» **Material for this exercise**:

==========

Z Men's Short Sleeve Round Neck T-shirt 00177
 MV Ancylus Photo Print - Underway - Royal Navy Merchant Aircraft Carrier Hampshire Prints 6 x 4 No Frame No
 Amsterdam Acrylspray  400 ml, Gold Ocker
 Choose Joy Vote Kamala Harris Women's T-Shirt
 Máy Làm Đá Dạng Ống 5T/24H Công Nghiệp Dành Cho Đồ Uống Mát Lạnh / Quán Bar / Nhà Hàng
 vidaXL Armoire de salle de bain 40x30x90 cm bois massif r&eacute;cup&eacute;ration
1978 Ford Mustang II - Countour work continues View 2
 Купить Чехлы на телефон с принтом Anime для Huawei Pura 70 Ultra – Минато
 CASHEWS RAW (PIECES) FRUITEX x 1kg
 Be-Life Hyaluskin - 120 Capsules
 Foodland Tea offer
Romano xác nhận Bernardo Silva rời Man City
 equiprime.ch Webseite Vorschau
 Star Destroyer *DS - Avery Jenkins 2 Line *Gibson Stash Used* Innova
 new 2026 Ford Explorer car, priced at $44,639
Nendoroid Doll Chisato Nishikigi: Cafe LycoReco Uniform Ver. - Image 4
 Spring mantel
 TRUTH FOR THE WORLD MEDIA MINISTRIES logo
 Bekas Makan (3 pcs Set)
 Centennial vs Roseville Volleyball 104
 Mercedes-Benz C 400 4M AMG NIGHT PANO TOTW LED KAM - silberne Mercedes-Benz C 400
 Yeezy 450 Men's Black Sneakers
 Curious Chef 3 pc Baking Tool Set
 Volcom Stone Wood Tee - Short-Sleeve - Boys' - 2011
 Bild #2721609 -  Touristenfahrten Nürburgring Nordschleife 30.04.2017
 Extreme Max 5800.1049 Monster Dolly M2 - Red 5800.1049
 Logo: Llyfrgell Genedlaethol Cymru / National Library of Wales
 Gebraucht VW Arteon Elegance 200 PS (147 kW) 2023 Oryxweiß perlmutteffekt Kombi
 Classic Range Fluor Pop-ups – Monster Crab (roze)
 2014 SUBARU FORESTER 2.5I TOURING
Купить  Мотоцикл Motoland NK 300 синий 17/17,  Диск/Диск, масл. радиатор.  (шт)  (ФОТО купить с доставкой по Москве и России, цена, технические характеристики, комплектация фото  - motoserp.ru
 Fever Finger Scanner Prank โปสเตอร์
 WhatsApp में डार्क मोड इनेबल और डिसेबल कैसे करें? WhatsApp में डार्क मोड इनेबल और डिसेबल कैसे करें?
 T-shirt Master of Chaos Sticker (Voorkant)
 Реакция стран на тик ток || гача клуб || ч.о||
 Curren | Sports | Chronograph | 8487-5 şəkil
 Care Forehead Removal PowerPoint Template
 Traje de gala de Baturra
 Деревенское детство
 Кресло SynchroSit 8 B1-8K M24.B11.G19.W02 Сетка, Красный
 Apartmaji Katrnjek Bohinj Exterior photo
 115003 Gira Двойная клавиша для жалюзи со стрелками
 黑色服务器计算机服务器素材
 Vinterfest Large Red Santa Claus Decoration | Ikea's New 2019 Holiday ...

==========

» **What you are asked to do**: Start at the line with "WhatsApp में डार्क मोड इनेबल और डिसेबल कैसे करें? WhatsApp". Give that line and every line after it again, word for word, through the last line above.

» **Answer to this task**:
 WhatsApp में डार्क मोड इनेबल और डिसेबल कैसे करें? WhatsApp में डार्क मोड इनेबल और डिसेबल कैसे करें?
 T-shirt Master of Chaos Sticker (Voorkant)
 Реакция стран на тик ток || гача клуб || ч.о||
 Curren | Sports | Chronograph | 8487-5 şəkil
 Care Forehead Removal PowerPoint Template
 Traje de gala de Baturra
 Деревенское детство
 Кресло SynchroSit 8 B1-8K M24.B11.G19.W02 Сетка, Красный
 Apartmaji Katrnjek Bohinj Exterior photo
 115003 Gira Двойная клавиша для жалюзи со стрелками
 黑色服务器计算机服务器素材
 Vinterfest Large Red Santa Claus Decoration | Ikea's New 2019 Holiday ...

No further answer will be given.